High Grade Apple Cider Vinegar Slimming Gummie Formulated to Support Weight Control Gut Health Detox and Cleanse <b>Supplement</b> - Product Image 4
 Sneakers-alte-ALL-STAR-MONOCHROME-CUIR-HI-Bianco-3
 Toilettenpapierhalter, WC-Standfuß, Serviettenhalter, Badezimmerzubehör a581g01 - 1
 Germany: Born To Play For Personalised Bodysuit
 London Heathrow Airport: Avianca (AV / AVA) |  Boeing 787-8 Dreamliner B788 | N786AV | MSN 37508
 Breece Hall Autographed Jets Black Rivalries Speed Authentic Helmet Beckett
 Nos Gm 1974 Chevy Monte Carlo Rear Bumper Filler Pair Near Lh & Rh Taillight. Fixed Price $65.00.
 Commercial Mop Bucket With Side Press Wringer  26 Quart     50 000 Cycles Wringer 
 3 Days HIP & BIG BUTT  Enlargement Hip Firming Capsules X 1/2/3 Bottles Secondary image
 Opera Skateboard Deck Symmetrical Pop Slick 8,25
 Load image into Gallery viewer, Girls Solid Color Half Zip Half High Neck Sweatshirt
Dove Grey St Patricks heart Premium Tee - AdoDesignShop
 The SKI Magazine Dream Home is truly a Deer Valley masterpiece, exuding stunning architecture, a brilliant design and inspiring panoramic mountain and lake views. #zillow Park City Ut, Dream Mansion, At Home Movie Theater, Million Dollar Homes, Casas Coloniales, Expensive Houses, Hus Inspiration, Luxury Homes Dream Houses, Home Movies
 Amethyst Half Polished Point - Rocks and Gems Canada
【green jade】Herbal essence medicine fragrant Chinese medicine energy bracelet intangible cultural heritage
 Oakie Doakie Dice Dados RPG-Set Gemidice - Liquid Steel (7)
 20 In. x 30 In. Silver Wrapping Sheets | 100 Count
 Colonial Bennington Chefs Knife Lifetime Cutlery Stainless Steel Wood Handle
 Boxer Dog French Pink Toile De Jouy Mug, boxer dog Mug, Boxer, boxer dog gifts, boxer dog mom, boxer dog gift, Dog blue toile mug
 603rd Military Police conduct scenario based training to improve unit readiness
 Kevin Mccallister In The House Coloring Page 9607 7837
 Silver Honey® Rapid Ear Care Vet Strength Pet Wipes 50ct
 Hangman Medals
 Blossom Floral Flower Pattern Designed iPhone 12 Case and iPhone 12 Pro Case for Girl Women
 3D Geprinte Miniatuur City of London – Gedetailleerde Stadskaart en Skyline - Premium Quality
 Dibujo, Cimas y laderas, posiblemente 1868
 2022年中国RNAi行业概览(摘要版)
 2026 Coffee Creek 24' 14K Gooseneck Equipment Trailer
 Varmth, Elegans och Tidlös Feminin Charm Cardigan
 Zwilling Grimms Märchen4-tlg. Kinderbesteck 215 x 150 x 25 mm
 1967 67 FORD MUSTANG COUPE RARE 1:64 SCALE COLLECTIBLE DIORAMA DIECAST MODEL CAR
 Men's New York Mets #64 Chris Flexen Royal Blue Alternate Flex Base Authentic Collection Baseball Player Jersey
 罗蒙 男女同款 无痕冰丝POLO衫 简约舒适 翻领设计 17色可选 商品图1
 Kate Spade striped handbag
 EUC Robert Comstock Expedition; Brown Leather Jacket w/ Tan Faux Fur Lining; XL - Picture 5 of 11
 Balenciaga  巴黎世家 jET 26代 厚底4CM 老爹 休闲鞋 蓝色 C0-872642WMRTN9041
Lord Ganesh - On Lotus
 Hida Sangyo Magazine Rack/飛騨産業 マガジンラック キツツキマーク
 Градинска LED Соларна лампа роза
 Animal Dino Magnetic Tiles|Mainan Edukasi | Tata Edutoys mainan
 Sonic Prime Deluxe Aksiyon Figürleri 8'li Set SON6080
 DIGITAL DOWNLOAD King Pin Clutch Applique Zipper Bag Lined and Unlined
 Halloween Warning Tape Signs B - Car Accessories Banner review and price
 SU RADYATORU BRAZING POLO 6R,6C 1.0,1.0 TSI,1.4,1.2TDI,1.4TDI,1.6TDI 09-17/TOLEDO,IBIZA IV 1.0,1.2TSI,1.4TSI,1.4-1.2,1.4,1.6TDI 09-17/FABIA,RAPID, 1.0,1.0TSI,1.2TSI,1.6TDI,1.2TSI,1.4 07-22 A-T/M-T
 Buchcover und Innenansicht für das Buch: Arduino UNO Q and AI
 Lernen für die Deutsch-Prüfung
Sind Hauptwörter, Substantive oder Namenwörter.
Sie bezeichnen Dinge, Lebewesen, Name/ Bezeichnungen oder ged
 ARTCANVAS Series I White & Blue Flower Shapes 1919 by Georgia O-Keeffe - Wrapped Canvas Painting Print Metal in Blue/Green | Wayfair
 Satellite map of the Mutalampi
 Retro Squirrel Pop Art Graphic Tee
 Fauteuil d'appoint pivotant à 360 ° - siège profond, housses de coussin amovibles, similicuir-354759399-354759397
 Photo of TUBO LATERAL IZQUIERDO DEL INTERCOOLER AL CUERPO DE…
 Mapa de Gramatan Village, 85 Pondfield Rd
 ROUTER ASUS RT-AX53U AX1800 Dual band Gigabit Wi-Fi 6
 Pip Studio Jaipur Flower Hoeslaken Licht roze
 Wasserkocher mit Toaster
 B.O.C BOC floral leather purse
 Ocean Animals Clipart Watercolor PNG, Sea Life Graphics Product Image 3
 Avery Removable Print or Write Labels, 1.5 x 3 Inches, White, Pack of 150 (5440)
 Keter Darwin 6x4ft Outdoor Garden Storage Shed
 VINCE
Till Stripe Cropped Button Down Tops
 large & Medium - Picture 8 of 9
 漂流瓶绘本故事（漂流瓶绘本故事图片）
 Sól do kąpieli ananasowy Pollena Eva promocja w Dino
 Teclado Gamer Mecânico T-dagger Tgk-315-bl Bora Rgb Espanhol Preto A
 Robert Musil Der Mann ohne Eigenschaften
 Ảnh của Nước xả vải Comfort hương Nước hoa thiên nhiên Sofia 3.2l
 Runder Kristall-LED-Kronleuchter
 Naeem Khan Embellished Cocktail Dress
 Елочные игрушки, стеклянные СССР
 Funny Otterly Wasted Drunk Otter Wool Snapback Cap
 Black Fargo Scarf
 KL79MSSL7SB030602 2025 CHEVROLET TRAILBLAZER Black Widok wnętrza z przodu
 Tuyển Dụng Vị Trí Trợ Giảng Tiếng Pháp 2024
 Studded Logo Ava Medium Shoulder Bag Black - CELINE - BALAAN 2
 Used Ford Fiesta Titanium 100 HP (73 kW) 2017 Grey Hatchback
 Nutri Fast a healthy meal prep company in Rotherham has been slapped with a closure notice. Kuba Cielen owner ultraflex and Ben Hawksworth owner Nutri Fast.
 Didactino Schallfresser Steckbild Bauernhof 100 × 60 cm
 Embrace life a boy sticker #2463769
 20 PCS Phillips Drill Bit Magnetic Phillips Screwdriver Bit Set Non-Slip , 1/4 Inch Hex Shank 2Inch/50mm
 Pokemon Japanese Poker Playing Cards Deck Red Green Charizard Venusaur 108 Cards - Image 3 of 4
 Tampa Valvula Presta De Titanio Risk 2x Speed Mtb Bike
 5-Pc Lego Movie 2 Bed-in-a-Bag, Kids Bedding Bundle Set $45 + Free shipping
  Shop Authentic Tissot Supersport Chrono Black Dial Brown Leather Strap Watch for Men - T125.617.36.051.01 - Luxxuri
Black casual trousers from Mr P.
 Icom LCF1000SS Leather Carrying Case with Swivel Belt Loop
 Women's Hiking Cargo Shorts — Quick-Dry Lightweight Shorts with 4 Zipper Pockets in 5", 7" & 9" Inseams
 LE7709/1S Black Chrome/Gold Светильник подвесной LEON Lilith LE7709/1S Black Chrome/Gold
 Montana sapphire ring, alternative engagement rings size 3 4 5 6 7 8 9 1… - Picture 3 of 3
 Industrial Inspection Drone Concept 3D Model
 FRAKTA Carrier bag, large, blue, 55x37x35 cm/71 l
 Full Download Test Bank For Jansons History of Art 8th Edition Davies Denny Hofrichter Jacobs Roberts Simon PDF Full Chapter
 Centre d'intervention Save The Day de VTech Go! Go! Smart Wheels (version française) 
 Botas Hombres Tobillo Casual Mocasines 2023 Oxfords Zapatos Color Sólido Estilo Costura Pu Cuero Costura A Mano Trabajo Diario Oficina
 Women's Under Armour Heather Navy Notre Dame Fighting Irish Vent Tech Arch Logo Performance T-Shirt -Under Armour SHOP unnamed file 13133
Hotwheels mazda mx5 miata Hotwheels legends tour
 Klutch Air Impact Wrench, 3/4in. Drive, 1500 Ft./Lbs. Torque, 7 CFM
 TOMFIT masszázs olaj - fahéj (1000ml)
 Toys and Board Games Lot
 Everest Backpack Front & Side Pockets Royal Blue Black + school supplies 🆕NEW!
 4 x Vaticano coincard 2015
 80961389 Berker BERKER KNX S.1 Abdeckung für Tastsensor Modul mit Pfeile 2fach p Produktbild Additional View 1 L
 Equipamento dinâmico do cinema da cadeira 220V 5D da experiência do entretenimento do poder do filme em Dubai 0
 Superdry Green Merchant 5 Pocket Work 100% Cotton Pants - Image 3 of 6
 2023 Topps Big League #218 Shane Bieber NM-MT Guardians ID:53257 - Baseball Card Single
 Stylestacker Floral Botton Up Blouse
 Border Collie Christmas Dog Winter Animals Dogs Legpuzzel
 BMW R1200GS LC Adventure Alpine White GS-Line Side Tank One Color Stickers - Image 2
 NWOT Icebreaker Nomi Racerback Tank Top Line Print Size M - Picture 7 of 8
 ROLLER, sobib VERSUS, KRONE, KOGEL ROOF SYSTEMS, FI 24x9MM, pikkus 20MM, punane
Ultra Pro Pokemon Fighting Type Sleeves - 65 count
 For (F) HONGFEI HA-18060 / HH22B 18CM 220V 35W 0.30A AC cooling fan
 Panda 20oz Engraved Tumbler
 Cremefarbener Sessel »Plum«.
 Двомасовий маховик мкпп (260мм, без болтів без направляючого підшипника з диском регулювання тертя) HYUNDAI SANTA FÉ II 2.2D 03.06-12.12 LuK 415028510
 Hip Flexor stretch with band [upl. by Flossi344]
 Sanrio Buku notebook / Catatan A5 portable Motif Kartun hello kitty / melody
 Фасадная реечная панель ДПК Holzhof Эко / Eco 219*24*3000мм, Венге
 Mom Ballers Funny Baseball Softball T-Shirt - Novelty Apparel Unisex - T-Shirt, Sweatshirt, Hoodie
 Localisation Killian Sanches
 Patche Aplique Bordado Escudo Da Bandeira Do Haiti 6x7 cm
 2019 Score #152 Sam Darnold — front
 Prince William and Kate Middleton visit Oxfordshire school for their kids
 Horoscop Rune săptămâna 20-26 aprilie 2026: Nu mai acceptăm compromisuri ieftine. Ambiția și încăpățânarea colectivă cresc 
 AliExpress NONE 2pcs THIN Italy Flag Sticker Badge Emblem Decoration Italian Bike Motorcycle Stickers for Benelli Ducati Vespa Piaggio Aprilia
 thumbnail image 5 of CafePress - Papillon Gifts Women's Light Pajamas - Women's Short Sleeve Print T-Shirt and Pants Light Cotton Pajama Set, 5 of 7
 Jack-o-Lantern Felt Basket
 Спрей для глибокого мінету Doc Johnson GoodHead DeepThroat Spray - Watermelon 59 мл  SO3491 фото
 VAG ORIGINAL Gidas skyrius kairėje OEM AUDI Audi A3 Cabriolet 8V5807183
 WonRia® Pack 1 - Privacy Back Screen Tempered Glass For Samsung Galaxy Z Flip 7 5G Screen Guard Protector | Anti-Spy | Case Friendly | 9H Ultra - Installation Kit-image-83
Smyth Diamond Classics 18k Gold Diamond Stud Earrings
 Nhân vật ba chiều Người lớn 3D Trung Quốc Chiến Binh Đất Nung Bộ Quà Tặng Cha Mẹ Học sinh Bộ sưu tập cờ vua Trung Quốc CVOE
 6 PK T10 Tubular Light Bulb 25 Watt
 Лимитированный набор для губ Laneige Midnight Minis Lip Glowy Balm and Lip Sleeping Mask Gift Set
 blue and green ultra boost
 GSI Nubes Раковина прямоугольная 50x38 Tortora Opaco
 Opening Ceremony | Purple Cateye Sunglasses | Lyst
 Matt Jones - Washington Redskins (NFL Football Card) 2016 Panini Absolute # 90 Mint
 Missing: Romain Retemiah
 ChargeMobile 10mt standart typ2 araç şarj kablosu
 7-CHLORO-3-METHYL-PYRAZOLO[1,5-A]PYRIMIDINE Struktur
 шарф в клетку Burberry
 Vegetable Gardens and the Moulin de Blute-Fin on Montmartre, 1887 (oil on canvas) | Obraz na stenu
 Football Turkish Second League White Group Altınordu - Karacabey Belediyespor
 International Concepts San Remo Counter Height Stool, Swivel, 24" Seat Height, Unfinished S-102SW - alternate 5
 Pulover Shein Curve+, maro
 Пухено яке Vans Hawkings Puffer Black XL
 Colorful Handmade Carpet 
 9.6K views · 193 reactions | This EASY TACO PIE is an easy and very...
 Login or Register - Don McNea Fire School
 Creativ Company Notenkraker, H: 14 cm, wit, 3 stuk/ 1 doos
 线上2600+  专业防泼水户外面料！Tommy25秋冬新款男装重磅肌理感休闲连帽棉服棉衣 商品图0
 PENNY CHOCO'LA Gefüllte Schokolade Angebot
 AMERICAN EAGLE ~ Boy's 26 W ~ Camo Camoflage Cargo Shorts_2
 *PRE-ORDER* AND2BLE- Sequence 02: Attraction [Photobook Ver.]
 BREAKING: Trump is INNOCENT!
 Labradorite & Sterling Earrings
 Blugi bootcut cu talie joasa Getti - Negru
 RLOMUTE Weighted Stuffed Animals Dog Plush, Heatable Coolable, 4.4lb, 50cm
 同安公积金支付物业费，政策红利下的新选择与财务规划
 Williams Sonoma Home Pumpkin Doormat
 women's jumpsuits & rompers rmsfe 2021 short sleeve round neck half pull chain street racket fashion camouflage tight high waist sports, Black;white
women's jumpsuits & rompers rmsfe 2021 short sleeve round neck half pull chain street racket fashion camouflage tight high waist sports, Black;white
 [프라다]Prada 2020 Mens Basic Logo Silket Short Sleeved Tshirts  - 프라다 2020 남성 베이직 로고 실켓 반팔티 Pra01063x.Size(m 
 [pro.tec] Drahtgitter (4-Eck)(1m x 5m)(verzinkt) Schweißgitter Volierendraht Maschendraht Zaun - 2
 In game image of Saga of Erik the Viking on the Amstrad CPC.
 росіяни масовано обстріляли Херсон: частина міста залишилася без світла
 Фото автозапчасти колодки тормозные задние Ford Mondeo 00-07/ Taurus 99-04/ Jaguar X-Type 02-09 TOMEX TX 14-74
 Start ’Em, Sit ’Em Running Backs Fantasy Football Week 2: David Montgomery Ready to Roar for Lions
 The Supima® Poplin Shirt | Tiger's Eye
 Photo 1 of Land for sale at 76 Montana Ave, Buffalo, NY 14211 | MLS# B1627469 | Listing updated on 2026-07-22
:::
Throughout the listing, how many lines contain the string "Earrings"? Give the number on its own.

**TASK RESULT**
2